# Trim before or after carpet?



## rusty baker (Feb 13, 2009)

Trim should really be down before the carpet is installed. If not, it will have to be removed should you ever change the carpet. If you look back, you will find other threads on this subject.


----------



## epeterson777 (May 29, 2008)

Thanks Rusty, that is the answer I was hoping for. This way I don't have to worry as much about getting paint on the new carpet. 

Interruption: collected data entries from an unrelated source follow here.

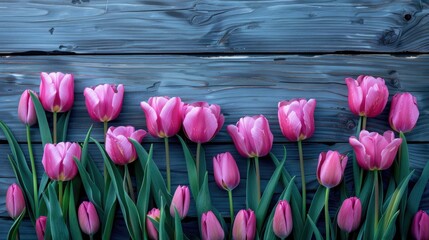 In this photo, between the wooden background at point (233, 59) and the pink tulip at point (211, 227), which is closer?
the pink tulip at point (211, 227)

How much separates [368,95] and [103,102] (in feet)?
1.47

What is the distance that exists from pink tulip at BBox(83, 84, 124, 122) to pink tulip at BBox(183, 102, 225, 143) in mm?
122

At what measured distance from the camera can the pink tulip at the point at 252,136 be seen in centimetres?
109

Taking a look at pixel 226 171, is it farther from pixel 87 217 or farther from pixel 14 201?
pixel 14 201

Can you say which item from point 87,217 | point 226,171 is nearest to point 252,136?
point 226,171

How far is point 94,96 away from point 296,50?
37 centimetres

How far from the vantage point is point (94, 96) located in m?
1.11

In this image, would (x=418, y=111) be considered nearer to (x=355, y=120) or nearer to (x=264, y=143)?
(x=355, y=120)

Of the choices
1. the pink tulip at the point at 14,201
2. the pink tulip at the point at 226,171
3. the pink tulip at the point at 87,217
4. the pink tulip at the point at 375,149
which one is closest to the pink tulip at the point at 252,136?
the pink tulip at the point at 226,171

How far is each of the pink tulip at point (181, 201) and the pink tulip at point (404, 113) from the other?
14.8 inches

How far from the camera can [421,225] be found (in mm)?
1092

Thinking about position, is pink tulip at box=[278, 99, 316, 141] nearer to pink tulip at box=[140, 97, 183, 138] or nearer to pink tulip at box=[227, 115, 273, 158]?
pink tulip at box=[227, 115, 273, 158]

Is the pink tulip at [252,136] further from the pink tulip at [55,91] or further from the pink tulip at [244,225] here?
the pink tulip at [55,91]

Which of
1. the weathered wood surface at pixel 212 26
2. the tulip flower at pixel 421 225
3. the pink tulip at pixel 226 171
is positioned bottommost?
the tulip flower at pixel 421 225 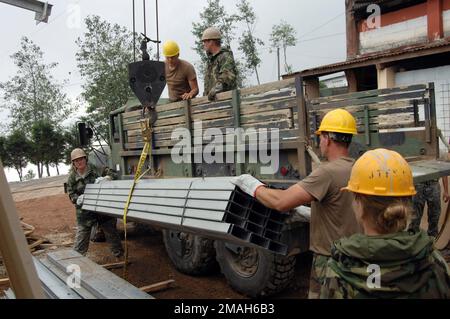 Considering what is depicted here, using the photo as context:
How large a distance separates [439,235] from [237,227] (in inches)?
142

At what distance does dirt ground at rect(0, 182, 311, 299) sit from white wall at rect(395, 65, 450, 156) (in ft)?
20.6

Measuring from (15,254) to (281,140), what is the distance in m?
3.17

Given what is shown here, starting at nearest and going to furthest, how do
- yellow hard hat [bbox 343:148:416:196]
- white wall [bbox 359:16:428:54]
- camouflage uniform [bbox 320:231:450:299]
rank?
camouflage uniform [bbox 320:231:450:299]
yellow hard hat [bbox 343:148:416:196]
white wall [bbox 359:16:428:54]

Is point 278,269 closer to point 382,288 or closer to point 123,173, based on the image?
point 382,288

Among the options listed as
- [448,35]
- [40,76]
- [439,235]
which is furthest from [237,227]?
[40,76]

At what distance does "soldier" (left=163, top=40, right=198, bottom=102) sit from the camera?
19.6ft

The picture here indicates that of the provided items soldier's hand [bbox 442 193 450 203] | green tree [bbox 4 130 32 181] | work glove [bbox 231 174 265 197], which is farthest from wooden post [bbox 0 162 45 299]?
green tree [bbox 4 130 32 181]

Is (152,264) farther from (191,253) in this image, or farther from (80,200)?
(80,200)

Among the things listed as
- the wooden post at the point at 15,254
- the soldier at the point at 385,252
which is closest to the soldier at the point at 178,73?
the soldier at the point at 385,252

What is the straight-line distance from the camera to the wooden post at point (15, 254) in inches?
47.2

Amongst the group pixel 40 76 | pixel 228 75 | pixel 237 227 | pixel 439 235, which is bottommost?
pixel 439 235

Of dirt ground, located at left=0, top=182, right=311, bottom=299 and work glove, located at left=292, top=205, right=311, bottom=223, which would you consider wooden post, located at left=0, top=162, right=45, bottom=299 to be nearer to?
work glove, located at left=292, top=205, right=311, bottom=223

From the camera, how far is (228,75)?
17.3ft

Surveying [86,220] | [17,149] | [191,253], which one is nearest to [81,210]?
[86,220] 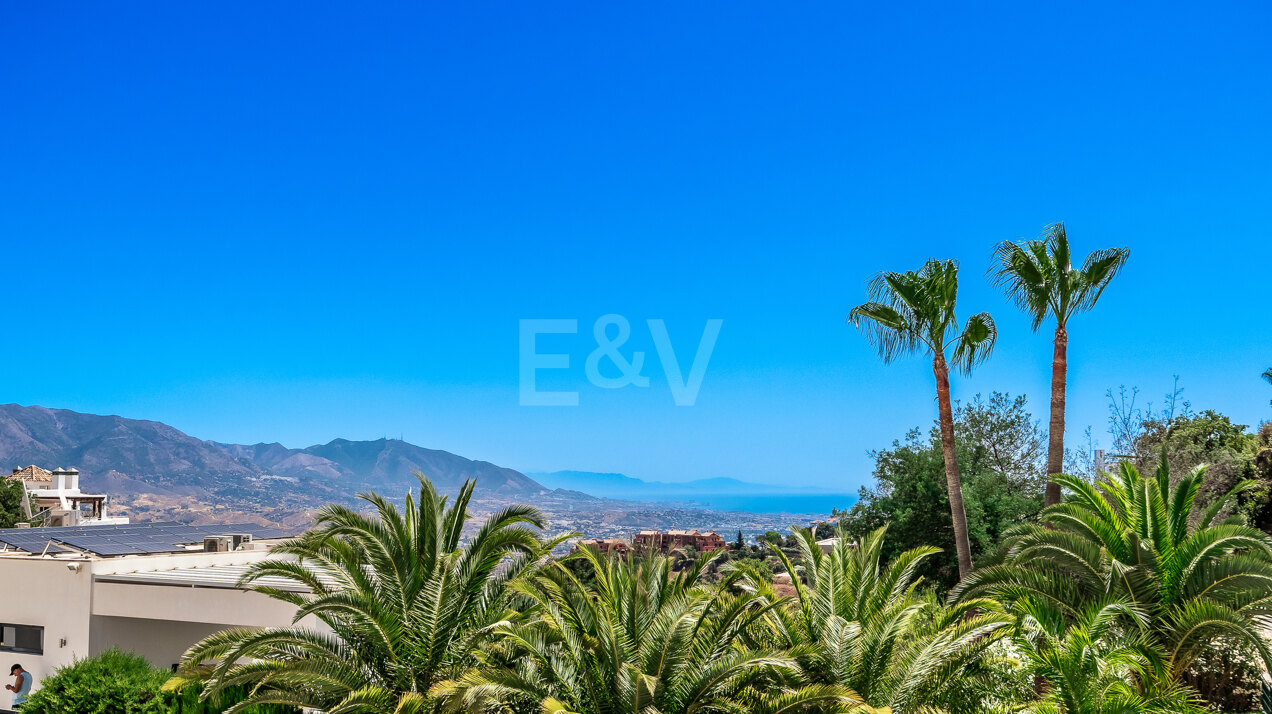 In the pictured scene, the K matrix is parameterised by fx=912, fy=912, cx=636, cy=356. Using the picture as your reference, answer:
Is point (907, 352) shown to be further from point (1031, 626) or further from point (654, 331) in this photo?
point (654, 331)

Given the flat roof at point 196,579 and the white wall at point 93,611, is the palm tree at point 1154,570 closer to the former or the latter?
the flat roof at point 196,579

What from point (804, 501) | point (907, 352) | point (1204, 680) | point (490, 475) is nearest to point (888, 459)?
point (907, 352)

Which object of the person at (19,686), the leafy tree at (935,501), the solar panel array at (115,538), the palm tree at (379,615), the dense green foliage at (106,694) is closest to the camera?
the palm tree at (379,615)

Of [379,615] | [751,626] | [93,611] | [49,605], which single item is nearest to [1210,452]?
[751,626]

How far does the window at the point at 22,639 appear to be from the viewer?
1939 cm

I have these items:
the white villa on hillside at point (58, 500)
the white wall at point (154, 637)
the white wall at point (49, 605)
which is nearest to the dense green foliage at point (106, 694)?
the white wall at point (49, 605)

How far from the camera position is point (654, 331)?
40250 millimetres

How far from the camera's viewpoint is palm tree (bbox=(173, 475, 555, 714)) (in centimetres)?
1269

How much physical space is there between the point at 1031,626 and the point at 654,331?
2887 cm

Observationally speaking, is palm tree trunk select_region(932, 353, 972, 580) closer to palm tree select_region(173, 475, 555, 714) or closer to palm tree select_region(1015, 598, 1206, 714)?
palm tree select_region(1015, 598, 1206, 714)

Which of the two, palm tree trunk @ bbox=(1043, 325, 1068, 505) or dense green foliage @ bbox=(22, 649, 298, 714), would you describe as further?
palm tree trunk @ bbox=(1043, 325, 1068, 505)

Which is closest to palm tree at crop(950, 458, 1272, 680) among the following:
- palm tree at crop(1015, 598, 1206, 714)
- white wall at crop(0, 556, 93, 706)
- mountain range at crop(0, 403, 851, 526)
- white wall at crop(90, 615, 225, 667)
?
palm tree at crop(1015, 598, 1206, 714)

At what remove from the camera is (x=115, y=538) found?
24.7 metres

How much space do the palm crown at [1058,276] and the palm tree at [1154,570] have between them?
16.4 ft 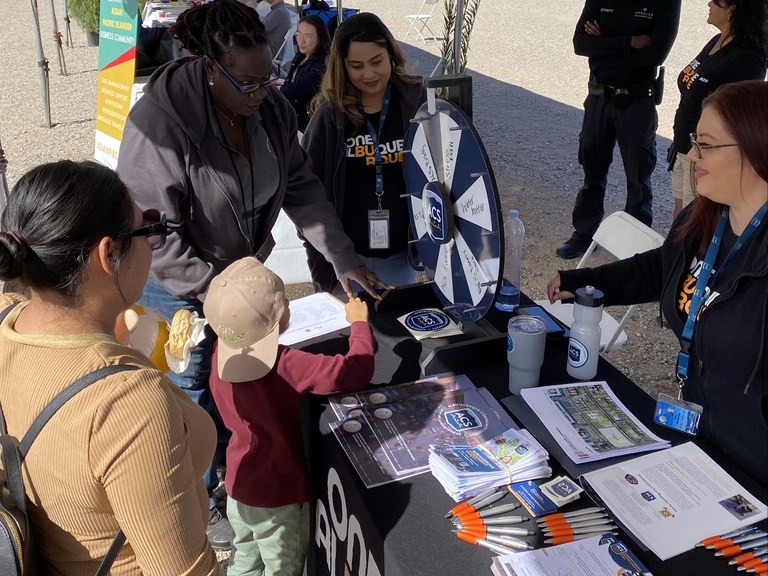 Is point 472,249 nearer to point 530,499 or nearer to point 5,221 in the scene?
point 530,499

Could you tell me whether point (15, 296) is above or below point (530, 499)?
above

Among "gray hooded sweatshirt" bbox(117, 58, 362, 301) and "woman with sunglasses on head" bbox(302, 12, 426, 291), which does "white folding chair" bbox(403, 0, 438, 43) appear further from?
"gray hooded sweatshirt" bbox(117, 58, 362, 301)

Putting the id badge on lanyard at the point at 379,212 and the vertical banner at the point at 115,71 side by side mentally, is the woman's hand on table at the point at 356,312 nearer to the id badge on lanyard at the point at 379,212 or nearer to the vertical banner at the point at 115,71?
the id badge on lanyard at the point at 379,212

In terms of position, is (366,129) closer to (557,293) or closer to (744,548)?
(557,293)

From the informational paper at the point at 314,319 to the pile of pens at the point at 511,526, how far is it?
84cm

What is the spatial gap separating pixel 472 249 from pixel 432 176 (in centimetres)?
29

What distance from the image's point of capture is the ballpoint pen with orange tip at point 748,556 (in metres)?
1.32

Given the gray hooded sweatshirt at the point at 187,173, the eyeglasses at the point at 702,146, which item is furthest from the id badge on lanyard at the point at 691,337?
the gray hooded sweatshirt at the point at 187,173

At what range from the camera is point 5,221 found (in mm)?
1153

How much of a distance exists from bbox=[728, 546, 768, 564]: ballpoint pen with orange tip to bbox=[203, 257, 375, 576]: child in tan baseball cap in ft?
2.98

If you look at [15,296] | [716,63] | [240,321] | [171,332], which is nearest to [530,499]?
[240,321]

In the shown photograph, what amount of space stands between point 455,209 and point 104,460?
44.1 inches

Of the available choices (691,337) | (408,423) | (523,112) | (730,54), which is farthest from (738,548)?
(523,112)

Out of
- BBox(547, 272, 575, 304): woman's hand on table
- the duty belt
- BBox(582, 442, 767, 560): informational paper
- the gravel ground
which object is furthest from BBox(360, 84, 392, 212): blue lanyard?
the duty belt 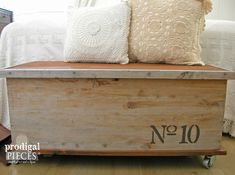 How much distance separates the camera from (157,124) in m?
0.95

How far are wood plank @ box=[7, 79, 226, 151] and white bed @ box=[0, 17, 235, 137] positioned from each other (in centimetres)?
37

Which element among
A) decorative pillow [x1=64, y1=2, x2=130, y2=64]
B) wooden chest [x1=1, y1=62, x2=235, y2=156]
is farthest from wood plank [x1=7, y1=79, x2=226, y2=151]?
decorative pillow [x1=64, y1=2, x2=130, y2=64]

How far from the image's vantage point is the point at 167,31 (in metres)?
1.09

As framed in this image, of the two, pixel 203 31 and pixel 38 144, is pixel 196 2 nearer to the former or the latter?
pixel 203 31

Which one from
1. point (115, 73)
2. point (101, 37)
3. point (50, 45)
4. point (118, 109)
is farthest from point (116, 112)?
point (50, 45)

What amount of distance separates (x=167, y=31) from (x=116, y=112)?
18.0 inches

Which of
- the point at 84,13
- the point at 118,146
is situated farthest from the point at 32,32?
the point at 118,146

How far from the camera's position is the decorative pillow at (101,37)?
43.3 inches

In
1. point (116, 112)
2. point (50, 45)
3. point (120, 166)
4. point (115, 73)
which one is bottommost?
point (120, 166)

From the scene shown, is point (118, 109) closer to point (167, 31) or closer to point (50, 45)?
point (167, 31)

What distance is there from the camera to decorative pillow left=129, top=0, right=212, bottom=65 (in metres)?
1.09

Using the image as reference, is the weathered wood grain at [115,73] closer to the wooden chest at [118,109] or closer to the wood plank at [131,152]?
the wooden chest at [118,109]

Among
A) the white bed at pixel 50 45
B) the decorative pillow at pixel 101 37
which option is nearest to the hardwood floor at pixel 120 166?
the white bed at pixel 50 45

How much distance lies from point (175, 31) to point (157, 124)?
444 millimetres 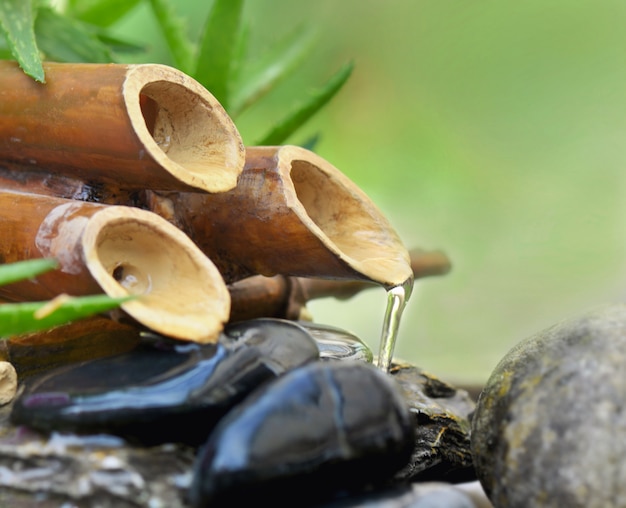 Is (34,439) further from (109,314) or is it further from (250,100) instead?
(250,100)

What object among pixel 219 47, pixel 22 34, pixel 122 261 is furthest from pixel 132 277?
pixel 219 47

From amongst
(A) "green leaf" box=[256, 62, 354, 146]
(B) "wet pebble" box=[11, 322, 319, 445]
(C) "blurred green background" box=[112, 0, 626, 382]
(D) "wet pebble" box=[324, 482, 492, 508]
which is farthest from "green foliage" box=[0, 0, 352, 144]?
(C) "blurred green background" box=[112, 0, 626, 382]

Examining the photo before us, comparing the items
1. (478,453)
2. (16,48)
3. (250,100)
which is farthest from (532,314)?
(16,48)

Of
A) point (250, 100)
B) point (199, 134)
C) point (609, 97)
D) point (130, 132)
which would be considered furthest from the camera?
point (609, 97)

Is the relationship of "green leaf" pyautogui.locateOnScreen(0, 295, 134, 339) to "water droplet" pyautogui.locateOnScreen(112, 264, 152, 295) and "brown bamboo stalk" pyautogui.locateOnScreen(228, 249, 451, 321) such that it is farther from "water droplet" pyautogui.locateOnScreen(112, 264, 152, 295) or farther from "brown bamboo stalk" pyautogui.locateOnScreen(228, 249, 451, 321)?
"brown bamboo stalk" pyautogui.locateOnScreen(228, 249, 451, 321)

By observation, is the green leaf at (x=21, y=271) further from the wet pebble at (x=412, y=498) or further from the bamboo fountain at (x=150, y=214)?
the wet pebble at (x=412, y=498) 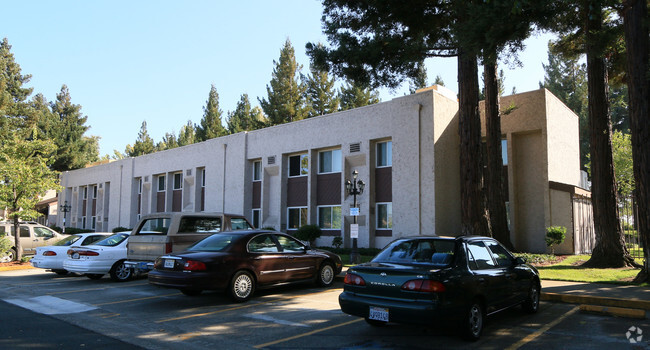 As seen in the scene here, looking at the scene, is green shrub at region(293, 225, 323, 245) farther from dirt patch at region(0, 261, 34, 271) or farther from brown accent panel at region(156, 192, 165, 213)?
brown accent panel at region(156, 192, 165, 213)

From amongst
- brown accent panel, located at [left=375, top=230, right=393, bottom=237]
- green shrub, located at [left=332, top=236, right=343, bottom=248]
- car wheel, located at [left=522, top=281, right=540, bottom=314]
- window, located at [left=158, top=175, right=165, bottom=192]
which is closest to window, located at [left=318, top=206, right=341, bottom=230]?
green shrub, located at [left=332, top=236, right=343, bottom=248]

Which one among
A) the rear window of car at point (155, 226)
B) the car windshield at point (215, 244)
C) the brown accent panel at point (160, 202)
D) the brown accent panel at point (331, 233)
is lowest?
the brown accent panel at point (331, 233)

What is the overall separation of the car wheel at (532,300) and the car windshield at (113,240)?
36.7 ft

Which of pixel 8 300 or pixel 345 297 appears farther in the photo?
pixel 8 300

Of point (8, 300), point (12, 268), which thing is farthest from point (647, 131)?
point (12, 268)

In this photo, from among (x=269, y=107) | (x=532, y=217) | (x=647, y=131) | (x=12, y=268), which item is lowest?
(x=12, y=268)

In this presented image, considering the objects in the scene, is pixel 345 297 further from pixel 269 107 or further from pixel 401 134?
pixel 269 107

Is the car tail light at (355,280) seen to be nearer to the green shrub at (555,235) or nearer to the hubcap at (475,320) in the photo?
the hubcap at (475,320)

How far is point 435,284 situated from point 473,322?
1002 mm

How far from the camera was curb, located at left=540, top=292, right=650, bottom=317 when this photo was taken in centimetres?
880

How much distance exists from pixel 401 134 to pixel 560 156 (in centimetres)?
824

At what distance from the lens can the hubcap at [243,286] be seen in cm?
935

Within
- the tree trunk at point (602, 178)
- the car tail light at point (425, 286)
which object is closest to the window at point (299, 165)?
the tree trunk at point (602, 178)

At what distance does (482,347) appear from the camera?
5957 millimetres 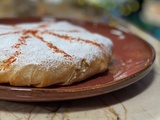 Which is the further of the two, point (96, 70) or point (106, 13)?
point (106, 13)

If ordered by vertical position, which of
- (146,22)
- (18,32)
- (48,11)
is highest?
(18,32)

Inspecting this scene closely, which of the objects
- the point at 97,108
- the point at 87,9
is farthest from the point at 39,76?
the point at 87,9

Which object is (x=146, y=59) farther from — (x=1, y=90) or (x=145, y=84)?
(x=1, y=90)

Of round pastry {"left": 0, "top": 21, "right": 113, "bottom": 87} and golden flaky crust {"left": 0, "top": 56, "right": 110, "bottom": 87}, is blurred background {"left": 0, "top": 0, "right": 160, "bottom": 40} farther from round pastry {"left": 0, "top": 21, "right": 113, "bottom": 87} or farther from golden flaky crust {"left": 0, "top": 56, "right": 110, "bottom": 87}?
golden flaky crust {"left": 0, "top": 56, "right": 110, "bottom": 87}

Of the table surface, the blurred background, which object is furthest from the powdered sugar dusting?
the blurred background

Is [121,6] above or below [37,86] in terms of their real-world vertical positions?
below

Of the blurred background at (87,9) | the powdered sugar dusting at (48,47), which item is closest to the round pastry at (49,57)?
the powdered sugar dusting at (48,47)

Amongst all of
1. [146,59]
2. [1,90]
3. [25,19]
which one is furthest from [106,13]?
[1,90] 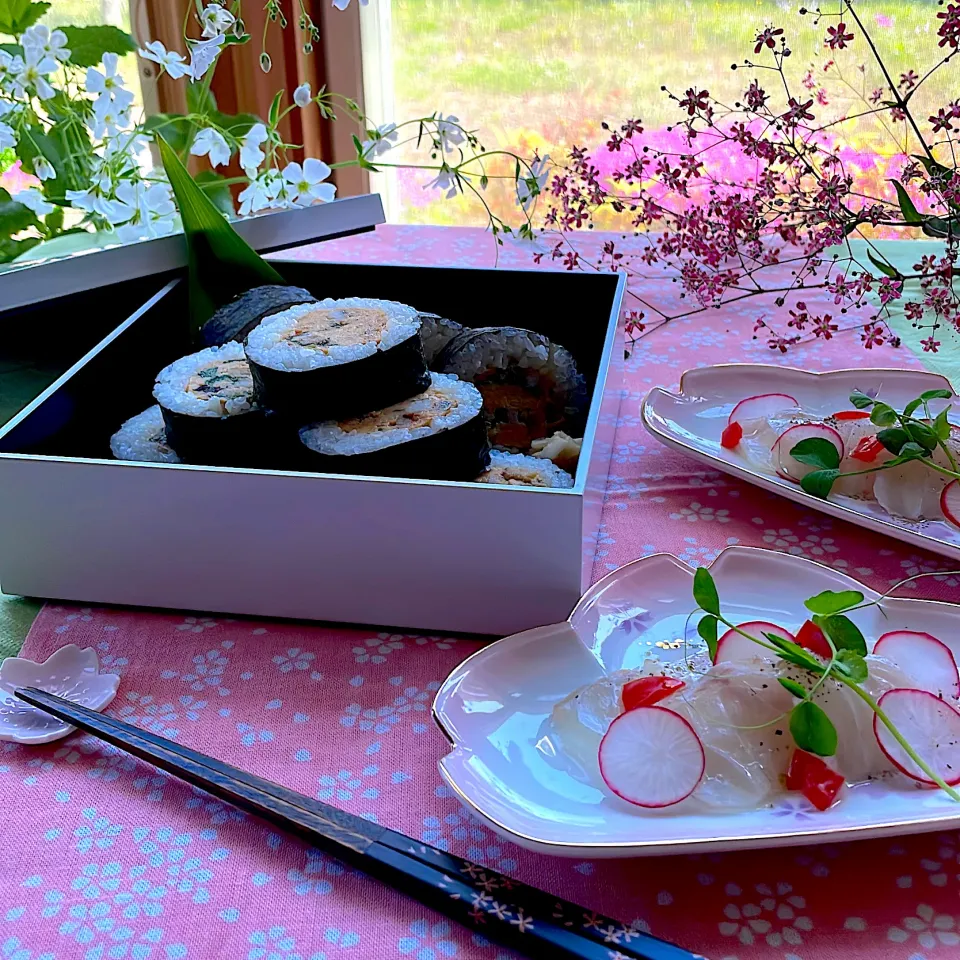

Plus, it will be pretty cool to have the basement completely done except for the carpet and then coming home after work the day it gets installed and finally seeing it done.


----------



## II Weeks (Jan 6, 2009)

pros and cons to either way but if you feel like you want the molding first then cut 3/4" blocks and put the molding on that. ( remove the blocks)The carpet guy can then easily tuck the carpet under the molding and besides, you mentioned basement and your really dont want wood in contact with cement


----------



## jaros bros. (Jan 16, 2009)

Paint the trim first so you will only have to touchup before you install it. You risk your carpet layers scratching and dingy up the baseboard when they install. Carpet pad is pretty rough on the bottom and cut edges and it will scratch up the baseboard. Also, check with the installer to see how much room you should leave if you decide to install the baseboard first as each installer has a slightly different preference and the carpet and pad thickness also come into play.


----------



## rusty baker (Feb 13, 2009)

I don't like to install carpet when the baseboard is raised. It looks much better when it isn't. A good installer won't hurt the paint on a baseboard if it's painted right. When the paint gets damaged, it's usually because new baseboard wasn't primed first or old baseboard wasn't sanded before it was repainted.


----------